In a study published in the journal Science this week, researchers say they've found an answer: Sunflowers, like animals, have a circadian rhythm — an internal clock that can be set to the external world. During the day, this system sends messages to the eastern sides of their stems, telling those cells to grow slightly longer, which causes the sunflower to lean westward. At night, the message reverses, and the sunflowers tilt back toward the east.
"It's the first example of a plant's clock modulating growth in a natural environment, and having real repercussions for the plant," Stacey Harmer, professor of plant biology at University of California-Davis and senior author on the paper, said in a statement.
Even though they don't sleep, many plants have "clock genes" similar to those that direct the sleep-wake cycle in animals. For years, Harmer had been looking for a link between those genes and the release of a hormone called auxin, which controls stem growth.
Sunflowers seemed like a likely candidate to help that search. Scientists have known about the plants' sun-seeking behavior since 1898, when botanist John Schaffner described a summer he spent observing an especially "abundant and luxuriant crop of this characteristic western weed" for the journal Botanical Gazette.

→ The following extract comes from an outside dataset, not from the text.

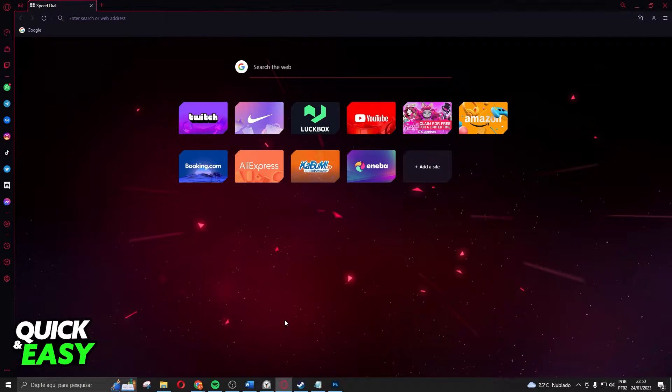First of all, I will point out that this process works on any version of Opera GX.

So Harmer tasked a graduate student, Hagop Atamian, with putting the flowers through their paces. First Atamian staked the sunflowers so they couldn't move. The constrained flowers were smaller and frailer than their free-moving counterparts, proving that the flowers really do benefit from following the sun.
Then he moved some potted sunflowers into an indoor growth chamber, where they were subjected to continual overhead lighting. For their first few days inside, the flowers continued to swing back and forth from east to west, just as you or I would maintain a more or less 24-hour sleep cycle during the first few days of living in constant light. This suggested that the flowers' behavior was controlled by an internal rhythm, rather than a direct response to the sun.
But how was that rhythm directing the sunflowers' movement? To resolve that question, Atamian (now a postdoctoral research associate at UC Davis) went outside and put ink dots on the stems of growing sunflowers and tracked how the height of each side varied slightly over the course of the morning, afternoon and night. He snipped bits of young sunflowers' stems at different times of day to sample for the activity of growth genes, and discovered that those also varied depending on the time.
As sunflowers mature, and their broad brown and yellow faces begin to open up, they cease their dancing. Harmer believes that this is because overall growth slows in adulthood, making it hard to achieve the daily back and forth movement that younger sunflowers display. Instead, like kids who have grown up and finally settled down, they must pick one direction and stick to it. Almost all wind up facing east, where their faces warm up more quickly as the sun starts to rise.
"Bees like warm flowers," Harmer said. She and her colleagues found that east-facing flowers attracted five times as many pollinators as their western-facing counterparts. When the westerners were warmed with a portable space heater, the bumblebees started to buzz over.
“The more general point,” co-author Benjamin Blackman said in a statement, “that one of the circadian clock’s adaptive functions is to regulate the timing and strength of growth responses to environmental signals, is one that I think will apply to a broad range of traits and species.”